Re: [PATCH v4 3/3] cpufreq: Return failure if fast_switch is not set and fast_switch_possible is set

From: Rafael J. Wysocki
Date: Wed May 24 2023 - 13:45:49 EST


On Wed, May 17, 2023 at 6:30 PM Wyes Karny <wyes.karny@xxxxxxx> wrote:
>
> If fast_switch_possible flag is set by the scaling driver, the governor
> is free to select fast_switch function even if adjust_perf is set. Some
> scaling drivers which use adjust_perf don't set fast_switch thinking
> that the governor would never fall back to fast_switch. But the governor
> can fall back to fast_switch even in runtime if frequency invariance is
> disabled due to some reason. This could crash the kernel if the driver
> didn't set the fast_switch function pointer.
>
> Therefore, return failure in cpufreq_online function if fast_switch is
> not set and fast_switch_possible is set.
>
> Signed-off-by: Wyes Karny <wyes.karny@xxxxxxx>
> ---
> drivers/cpufreq/cpufreq.c | 5 +++++
> include/linux/cpufreq.h | 4 +++-
> 2 files changed, 8 insertions(+), 1 deletion(-)
>
> diff --git a/drivers/cpufreq/cpufreq.c b/drivers/cpufreq/cpufreq.c
> index 6b52ebe5a890..7835ba4fa34c 100644
> --- a/drivers/cpufreq/cpufreq.c
> +++ b/drivers/cpufreq/cpufreq.c
> @@ -1376,6 +1376,11 @@ static int cpufreq_online(unsigned int cpu)
> goto out_free_policy;
> }
>
> + if (policy->fast_switch_possible && !cpufreq_driver->fast_switch) {
> + pr_err("fast_switch_possible is enabled but fast_switch callback is not set\n");
> + ret = -EINVAL;
> + goto out_destroy_policy;
> + }

The driver registration can fail if the driver has ->adjust_perf
without ->fast_switch. Then the check above would not be necessary
any more.

> /*
> * The initialization has succeeded and the policy is online.
> * If there is a problem with its frequency table, take it
> diff --git a/include/linux/cpufreq.h b/include/linux/cpufreq.h
> index 26e2eb399484..8cdf77bb3bc1 100644
> --- a/include/linux/cpufreq.h
> +++ b/include/linux/cpufreq.h
> @@ -340,7 +340,9 @@ struct cpufreq_driver {
> /*
> * ->fast_switch() replacement for drivers that use an internal
> * representation of performance levels and can pass hints other than
> - * the target performance level to the hardware.
> + * the target performance level to the hardware.
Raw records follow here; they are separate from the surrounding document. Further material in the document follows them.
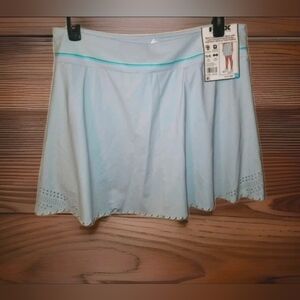 RBX Printed Stripes Super Soft Light Blue Mini Scalloped Hem Golf Tennis Skort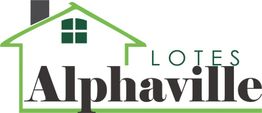 Logotipo "Lotes Alphaville" com desenho de casa verde e janela preta.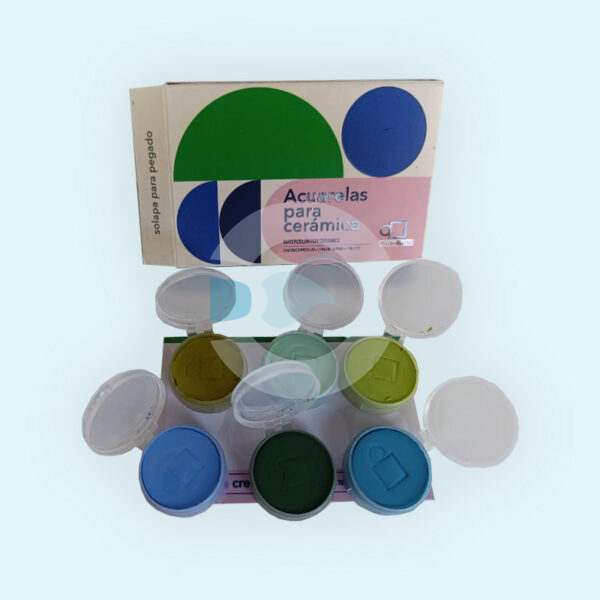 Set de Acuarelas Flor de Diseño Colores Fríos x 6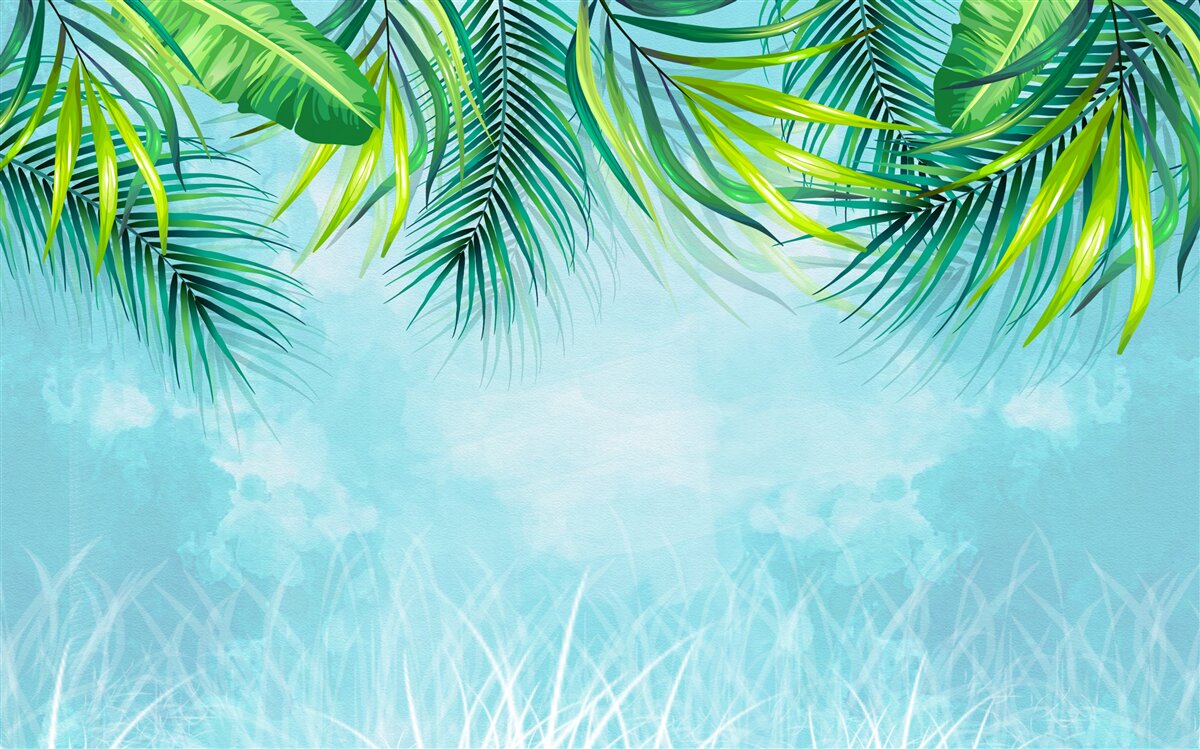 Fotobehang tropische bladeren tegen een blauwe lucht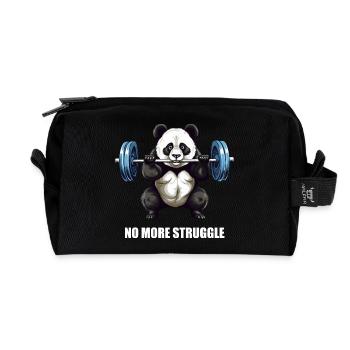 Panda Bodybuilding Weightlifter No More Struggle - Recycled Toiletry Zip Bag - black - Front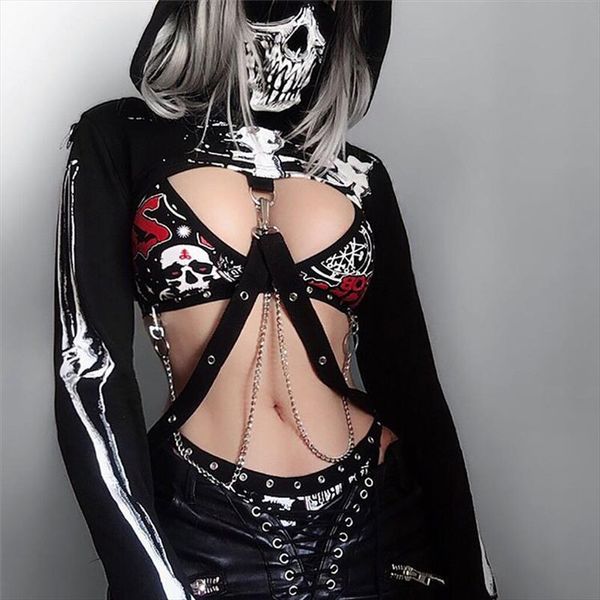 

gothic punk hooded hoodies women black skeleton print mask long sleeve crop 2020 fashion halloween sweatshirt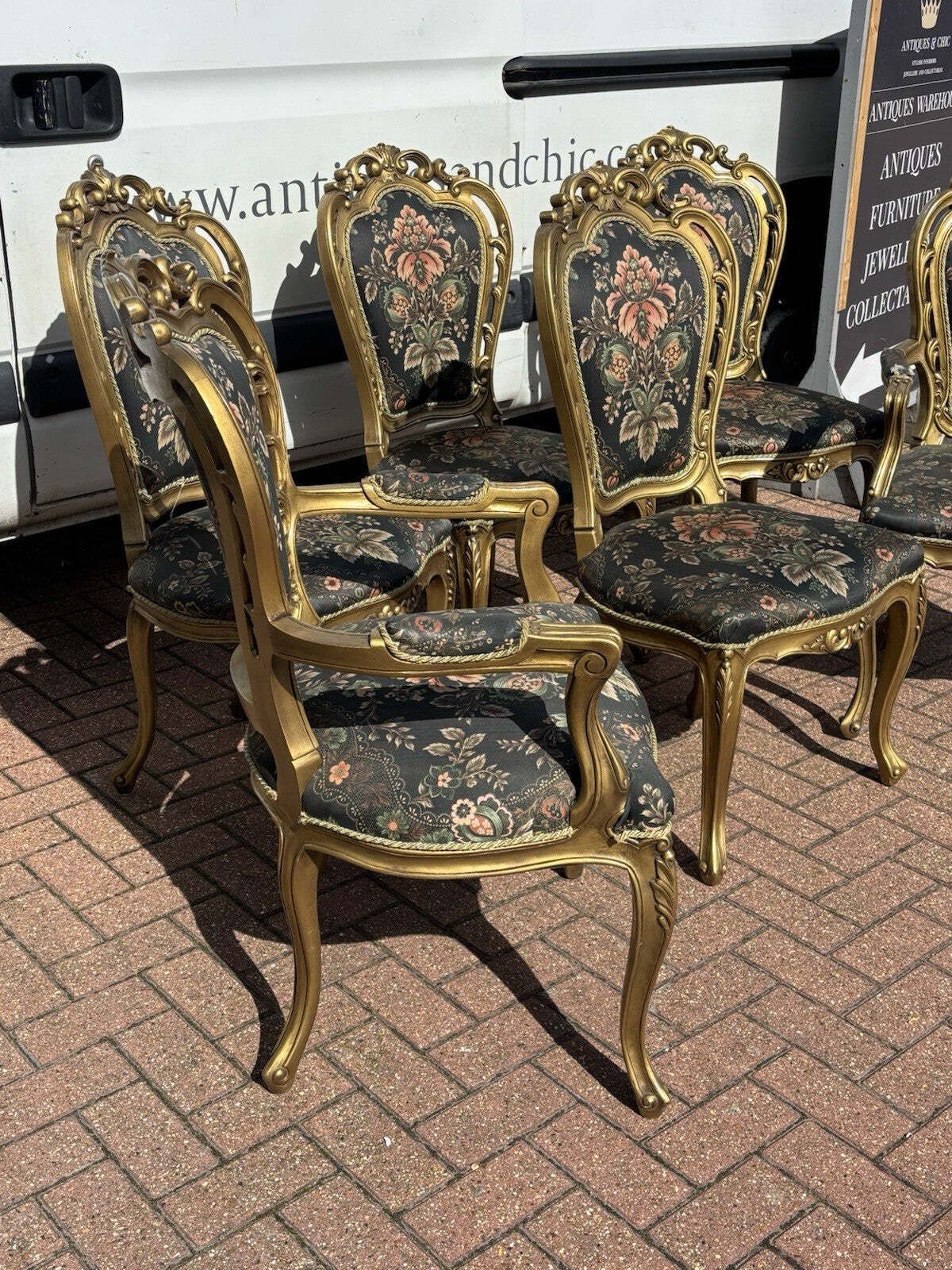 6 French Louis Style Gold Gilt Wooden And Upholstered Armchairs. photo Furniture
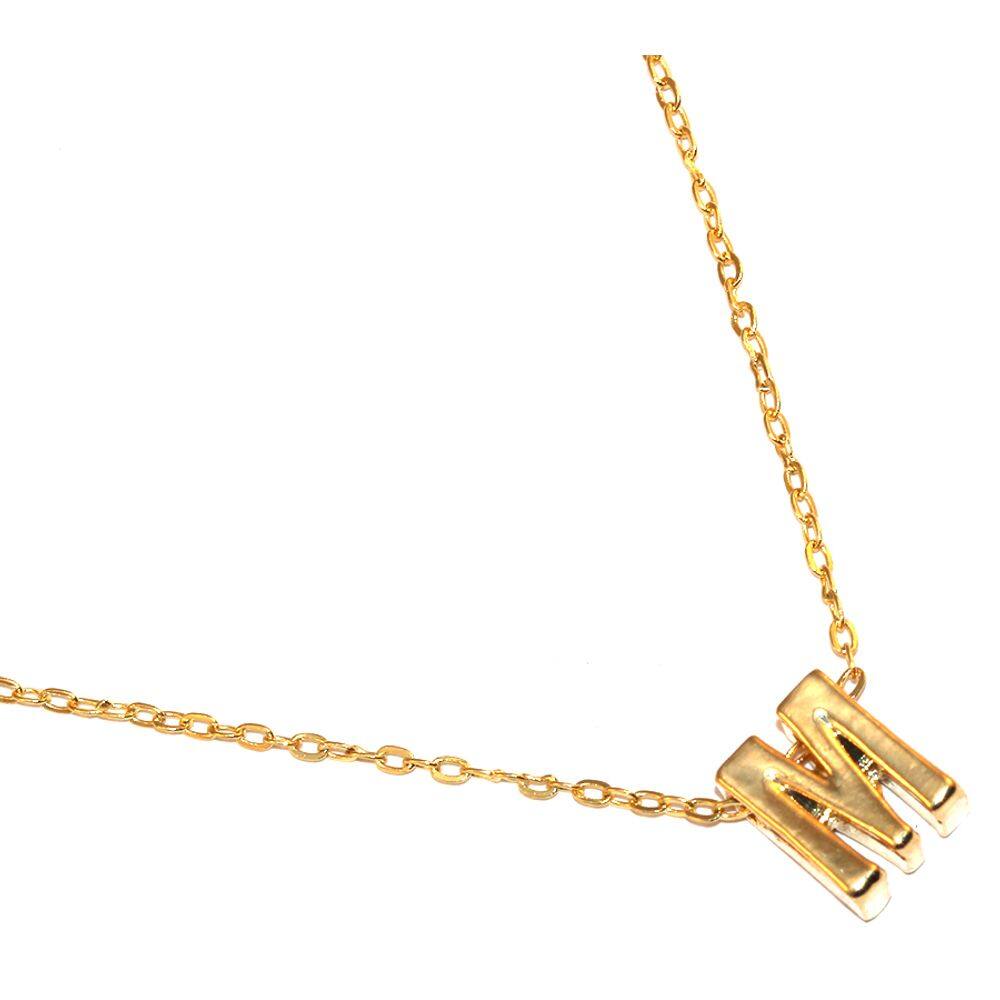Colar Cordão Minha Inicial Letra M lembrancinha Folheado 18k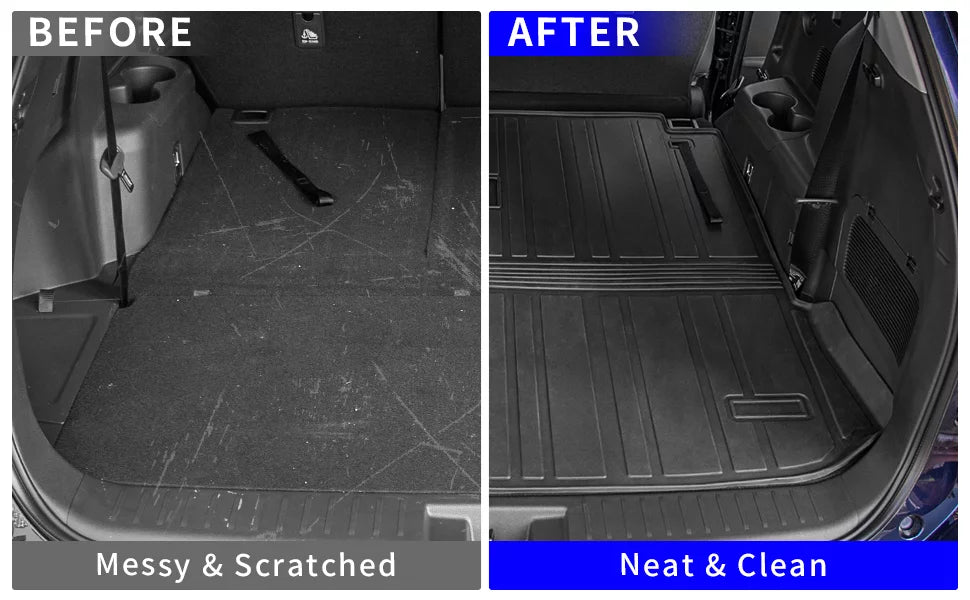 Cargo Mat Compatible with 2020-2024 Toyota Highlander Trunk Mat Cargo Liner  Back Seat Cover Protector 2022 7 Seats Highlander Accessories (2020-2023, Trunk Mat with Backrest Mat)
If driver is setting this,
> + * then it needs to set fast_switch also. Because in certain scenario scale
> + * invariance could be disabled and governor can switch back to fast_switch.

I would say something like "This can only be set if ->fast_switch is
set too, because in those cases (under specific conditions) scale
invariance can be disabled, which causes the schedutil governor to
fall back to the latter."

> */
> void (*adjust_perf)(unsigned int cpu,
> unsigned long min_perf,
> --
> 2.34.1
>